15. I Love It.
It’s a funny thing - love. It is one of the few experiences in life that hits every emotion that you can possibly experience. It has multiple connotations that can end a friendly conversation with a hug, create an awkward atmosphere if one person is one emotional date ahead of another, and can fill your stomach with butterflies and fuzzy teddy bears - which seem to be the only adorable references to a light stomach, aside from rollercoasters and highly efficient elevators. Yet, it can also send you into a madness paralleling the reactive mindframe of an angry toddler who got less ice cream for dessert, make you feel as though you’re slowly melting into a puddle of muck, or make you question every aspect of yourself and others. It has the hidden power to do anything and everything. It is an emotion that is both sought after and avoided for almost entirely the same reasons. Yet, as a species, it is the goal of every human - to love. It may be a line stolen from a thousand angsty poems, every Danielle Steele novel, and a plethora of February greeting cards, but love really is the most powerful emotion of all.

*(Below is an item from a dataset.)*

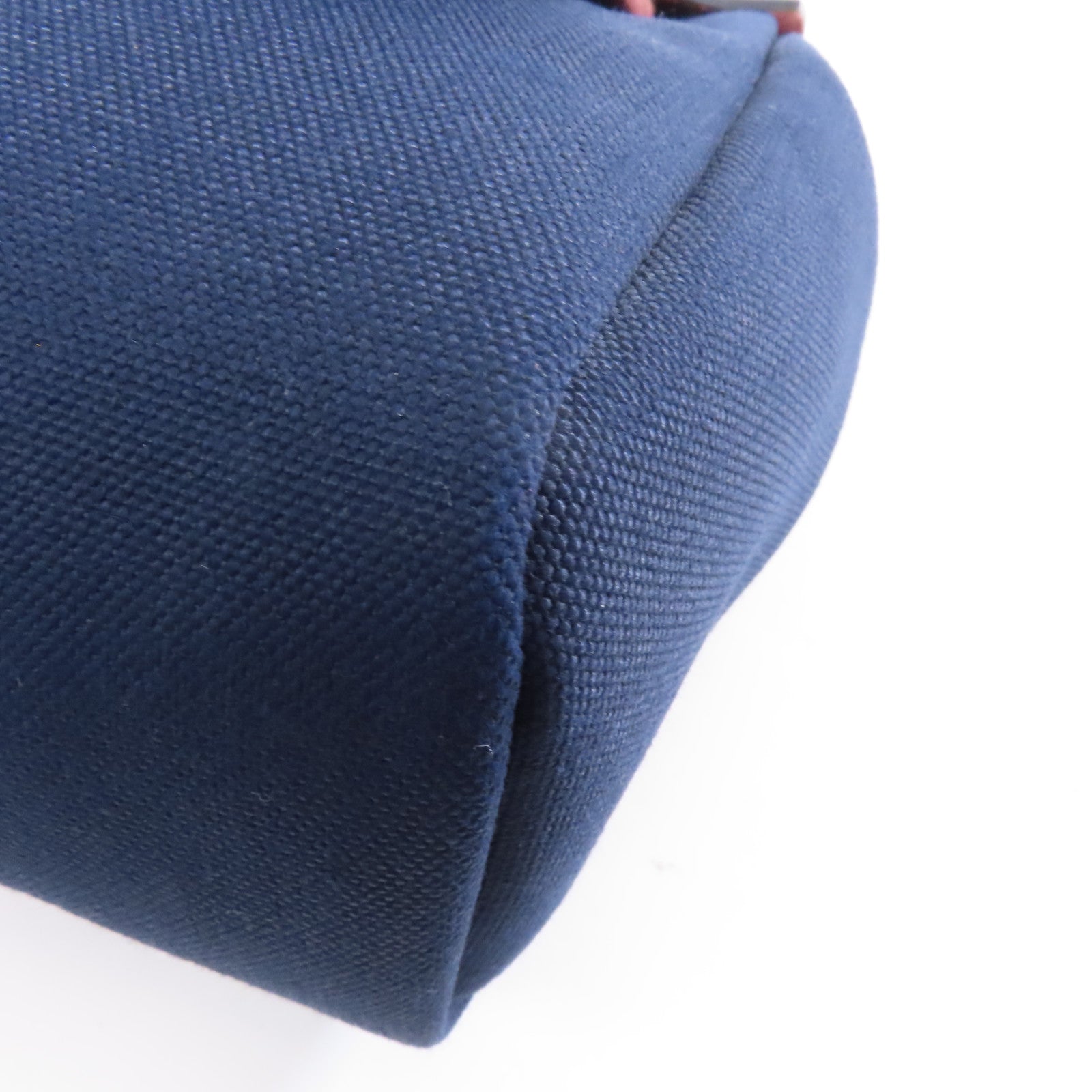 HERMES 帆布/皮革Herbag PM銀扣手挽肩背兩用袋Blue Marine深藍色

It started as a simple gesture as it usually does. So insignificant in that you’d never notice it for yourself. This one simple gesture generated excitement. My cell phone buzzed across the table, begging me to grab for it. I snatched it mid-buzz - not giving it the slightest possibility of considering a second buzz as I was focused on retrieving it as soon as my arm would grasp it. My stomach was twisting and warm. I felt like I had just taken a shot. As I collected my thoughts and my thumbs, I mustered up a response of both educated and flirtatious means. This hypnotizing dance of double entendres and pushing the point as far as it could go without being painfully obvious continued for ages. My head was full of thoughts of whimsy and that feeling you got as a 5 year old on christmas eve, unable to sleep because there was presents awaiting their unveiling and cookies and milk to be devoured. I was waiting every last second to just have the slightest 140 character bit of attention. The excitement to be had in new love is sickeningly beautiful. It is a feeling that is intoxicating and finds it’s way into the places of your heart that you didn’t know were on your body’s directory - like the hidden ATM booth or the bathrooms with the heated toilets seats hidden in the quiet corner of the mall next to Zales and The Limited. This feeling was my glamourous bathroom and low-cost ATM. I basked in it’s presence as long as it felt the need to stay. It was the feeling that I had so longingly wanted and felt that it had been far too long since it had nestled it’s way into my life. I was living in the moment. I was without a good night’s sleep but with every buzz of my cell phone, the just-drunk-NyQuil feeling continually sauntered around my underslept stomach. I’d be up for hours and hours just with the anticipation of having a moment to say hello. This early stage of love proves to be the draw. It’s not the cheese at the end of the maze, but it’s the aroma of freshly cut Gouda peering around the corner. The most beautiful thing about this infant emotion is that, just like an child, it may grow up but it never loses it’s personality or charm or increasingly surprising good looks.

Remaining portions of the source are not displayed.